EMRE CAN DAĞLIOĞLU
1964’teki Rum Tehciri'nden nasibini alan iki kişi uluslararası kamuoyuna Türkiye devletinin bu konuda sınır tanımayacağını gösteriyordu. Bu iki isim, Silifke (Selefkia) Metropoliti Protosingelos (Ekümenik Patrik Vekili) Emilianos ile Alaşehir (Filidelfia) Metropoliti İakovos Canavaris’ti.
16 Mart 1964, Türkiye tarihine Rum nüfusun erimesinin kırılma noktası olarak geçti. 1960’larda gerginleşen Kıbrıs politikaları bağlamında, Türkiye tarafından bir rehine gibi kullanılan Yunanistan pasaportlu Rumların sınır dışı edilmelerine karar verilen o gün, Türkiye’de Rum nüfusu hızla azalmaya başladı. 1964’ün sonuna gelindiğinde 13 bin Yunanistan pasaportlu Rum, Türkiye’ye veda etmişti. 1964’te Türkiye’den gönderilen Yunanistan pasaportlu Rumlar, yalnız gitmediler elbette ki. Yıllar içerisinde Türkiyeli Rumlarla yapılan evlilikler ve kurulan akrabalık ilişkileriyle büyüyen aileler, hep beraber terk ettiler ülkeyi. Bu yüzden gitmek zorunda kalan Rumların sayısı toplamda yaklaşık 45 bine ulaştı. Bu yerinden edilmenin yarattığı güvensizlik dalgasına, 1970’lerde tekrar yükselen Kıbrıs gerginliği çarpan etkisi yaptı ve ülkedeki Rumların sayısı 2000’lerde 1800’e kadar geriledi.

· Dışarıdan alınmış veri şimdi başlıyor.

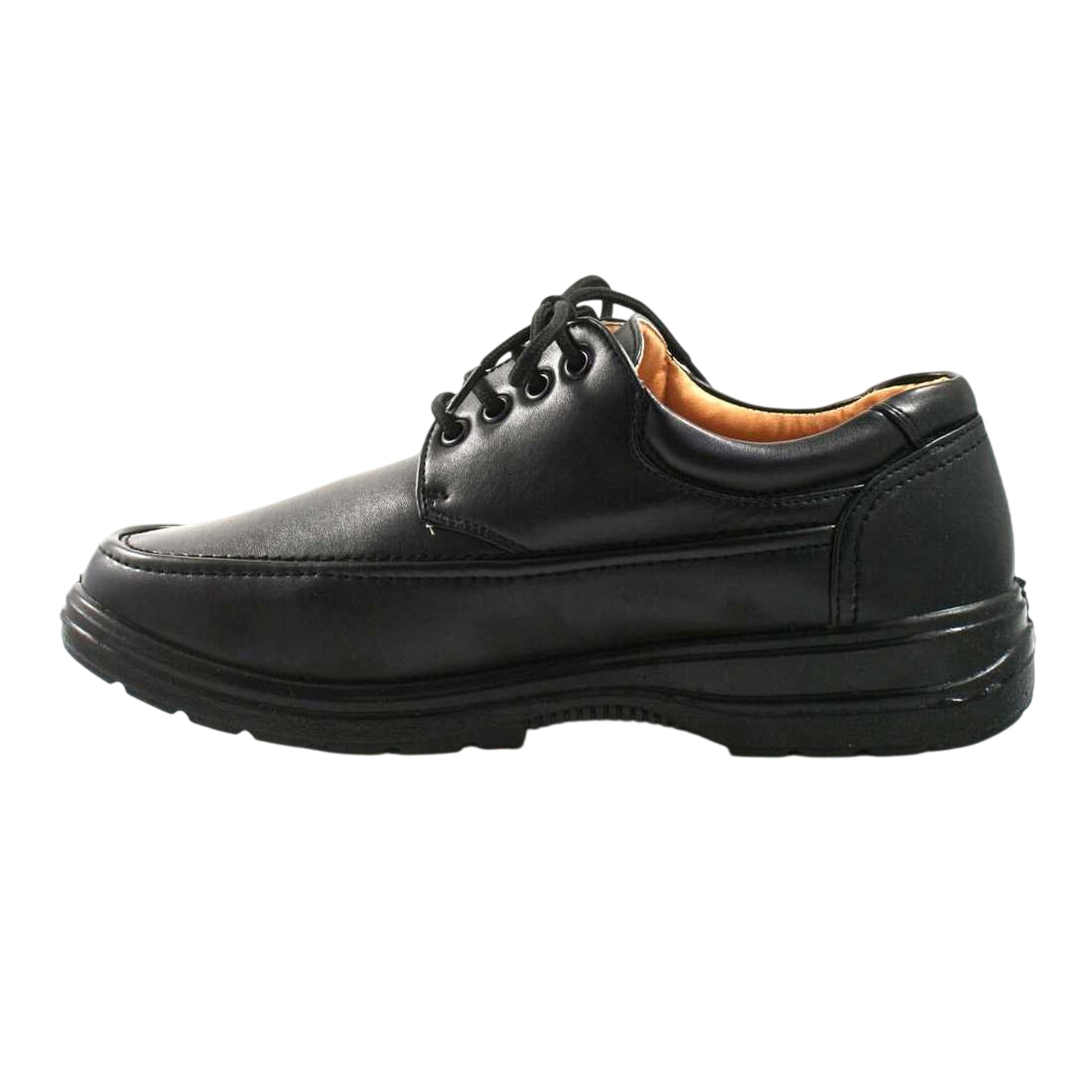 Black - Back - Smart Uns Mens Apron 4 Eye Tie Shoes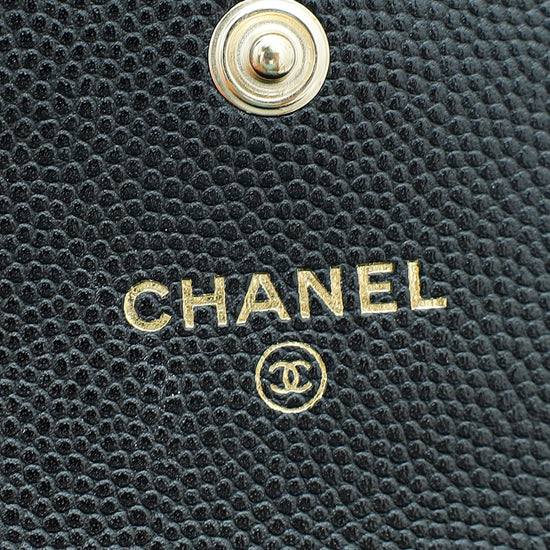 Chanel Black CC Pearl Flap Coin Purse w/Chain – The Closet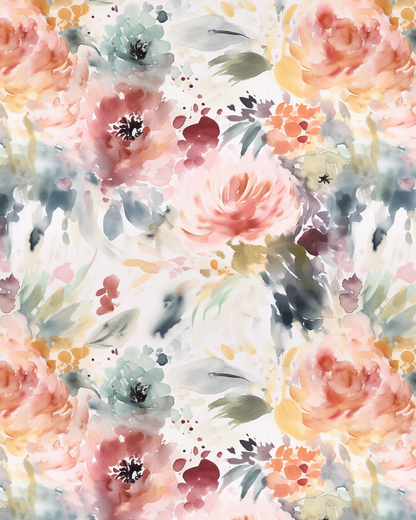 Watercolor Flowers 203 Transfer Paper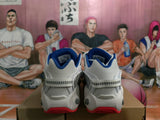 Nike Big Eyes Basketball Sneakers White Blue Red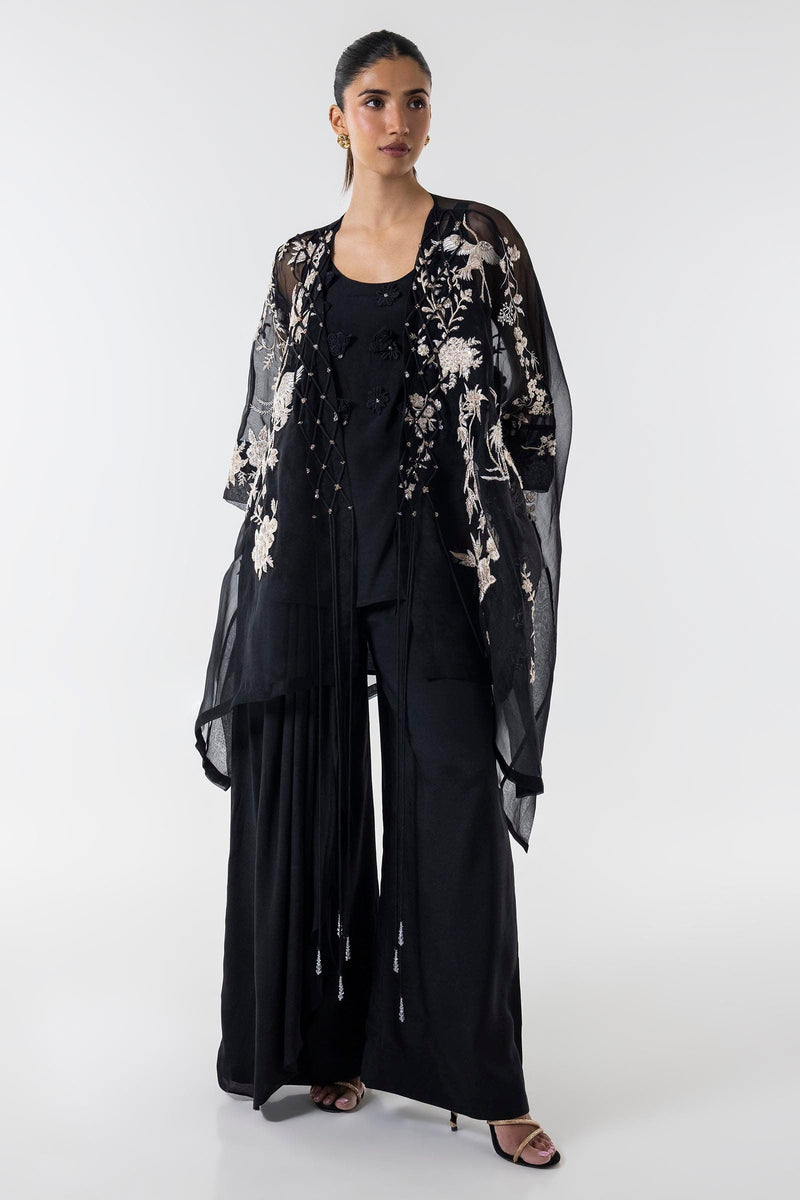 Sana Safinaz | Luxury Pret |  SS24FOR229P2T by Sana Safinaz - Designer Dress - Type: Ladies Clothes - Available at Libayah - 100% Original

1964, Ekümenik Patrikhane için görece iyi başlamıştı, ancak Rıdvan Akar’a göre, devlet ile Patrikhane’nin ilk kez bu derece karşı karşıya geldiği bir yıl olacaktı. Dönemin patriği Athinagoras, altı yüzyıl sonra Kudüs’te Papa VI. Paul ile buluşmaya hazırlanıyor ve İnönü Hükümeti’nden kerhen de olsa destek görüyordu. Yavaş yavaş kendini hissettiren Kıbrıs gerginliği için Patrik, yaptığı barış yanlısı açıklamalarla kamuoyunu dengede tutmaya çalışıyor, hatta Kıbrıs Türkleri için açılan yardım kampanyasına Patrikhane adına bağışta bulanarak sempati yaratmaya çalışıyordu. 6-7 Eylül’ü yaşamış bir patrik olarak, bu tür toplumsal hezeyan anlarında başına neler gelebileceğini çok iyi bilse de özellikle muhafazakâr basını ikna edemedi. Patrikhane’nin Türkiye’deki varlığı onlar için komünizm kadar tehlikeliydi.1964’te sınır dışı edilme kararı verilen insanlar arasında sadece Yunanistan pasaportlu Rumlar yoktu. Ülkede yayılan ‘anti-Rum’ dalgasından bazı Türkiye vatandaşı Rumlar da nasibini almış ve vatandaşlıktan çıkarılarak ülkeden gönderilmişti. Nisan 1964’te gerçekleşen ve yaklaşık 40 kişinin vatandaşlıktan çıkarılmasıyla sonuçlanan bu kampanyadan nasibini alan iki kişi ise uluslararası kamuoyuna Türkiye devletinin bu konuda sınır tanımayacağını gösteriyordu. Bu iki isim, Silifke (Selefkia) Metropoliti Protosingelos (Ekümenik Patrik Vekili) Emilianos ile Alaşehir (Filidelfia) Metropoliti İakovos Canavaris’ti.
Bombanın pimi
1964’ün Mart ayında, Yunanistan pasaportlu Rumların sınır dışı edilmesi kararından sonra, Türkiye kamuoyunda gözler bir anda Patrikhane’ye çevrildi. Bombanın pimini CHP İzmir Milletvekili Osman Sabri Aral’ın Meclis’te verdiği soru önergesi çekti. Patrikhane’nin siyaseten tavrını ve Sen Sinod Meclisi’nin (Yüce Meclis) işlevini sorgulayan bu önergeden bir hafta sonra, önce Patrikhane’ye ait matbaanın kapatılmasına karar verildi ve papazlar gelir vergisine tabi oldular.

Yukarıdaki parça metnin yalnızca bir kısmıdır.